Quite possible! Though she should keep in check with the jealousy, seeing as the rats were there first *crosses fingers*.


----------



## Forensic

*Re: The Booze Boys *It's Shoulder Ridin' Day!!**

Perry'll put her in her place. :lol:

I'd hope so. I think right now she's just do hyper and everything's so _new_ to her. I doubt she's seen rats before.


----------



## Nazarath

*Re: The Booze Boys *It's Shoulder Ridin' Day!!**

*VERY cute hunnies!! I love your hammock patterns . I think I'm going to come and steal them .*


----------



## Forensic

*Re: The Booze Boys *It's Shoulder Ridin' Day!!**

Hee, well, I don't think you'd have to, the leopard print hammie is from Petco... The ones I made myself are washclothes, except the one I crocheted... :lol:


----------



## sonoma

*Re: The Booze Boys *It's Shoulder Ridin' Day!!**

What handsome boys you have! I just LOVE that last picture of Guinness...way to cute. 

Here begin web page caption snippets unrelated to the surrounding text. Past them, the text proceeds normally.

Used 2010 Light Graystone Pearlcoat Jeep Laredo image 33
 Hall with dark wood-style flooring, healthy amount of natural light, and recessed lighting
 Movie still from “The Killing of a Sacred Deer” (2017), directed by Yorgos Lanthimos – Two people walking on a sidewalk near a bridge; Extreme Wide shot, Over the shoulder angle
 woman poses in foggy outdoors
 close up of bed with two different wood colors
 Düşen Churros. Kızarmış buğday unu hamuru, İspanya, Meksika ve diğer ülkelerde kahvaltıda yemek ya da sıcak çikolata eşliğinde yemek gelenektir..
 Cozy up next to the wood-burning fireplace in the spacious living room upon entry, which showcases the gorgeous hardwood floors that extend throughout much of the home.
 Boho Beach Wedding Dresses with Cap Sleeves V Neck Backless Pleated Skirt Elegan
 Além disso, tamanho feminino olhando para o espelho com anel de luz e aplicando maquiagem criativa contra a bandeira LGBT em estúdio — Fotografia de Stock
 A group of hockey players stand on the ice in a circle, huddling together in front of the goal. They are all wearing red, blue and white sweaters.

(And the puppy...lol! :lol: )


----------



## Forensic

*Re: The Booze Boys *It's Shoulder Ridin' Day!!**









Yes! I am an angel! See? Halo!








Oooo, the outside is shinnnnny.....








Jack looks so happy to be laid upon. :lol:


----------



## DonnaK

*Re: The Booze Boys *Randomness**

Oh I love love love that last photo!


----------



## Forensic

*Re: The Booze Boys *Randomness**

I had to sneeeeeak up on them to get it. :lol: You can see that Puck's trying to get up... He and Jack immediately dart to the door when they hear me in the room...


----------



## IceLore

*Re: The Booze Boys *Randomness**

Aww, I love that pic of Guinness! Hehe. LIttle baby pics are always my favorite. But your handsome agouti boy is my fav. Agoutis melt my heart. ^^

If you are curious about colors/markings, look here. It explains everything. ^^

If Guiness has just a bit of white, and it's more on his chest then nelly, he would be an english/irish.


----------



## Forensic

*Re: The Booze Boys *Randomness**



IceLore said:


> Aww, I love that pic of Guinness! Hehe. LIttle baby pics are always my favorite. But your handsome agouti boy is my fav. Agoutis melt my heart. ^^
> 
> If you are curious about colors/markings, look here. It explains everything. ^^
> 
> If Guiness has just a bit of white, and it's more on his chest then nelly, he would be an english/irish.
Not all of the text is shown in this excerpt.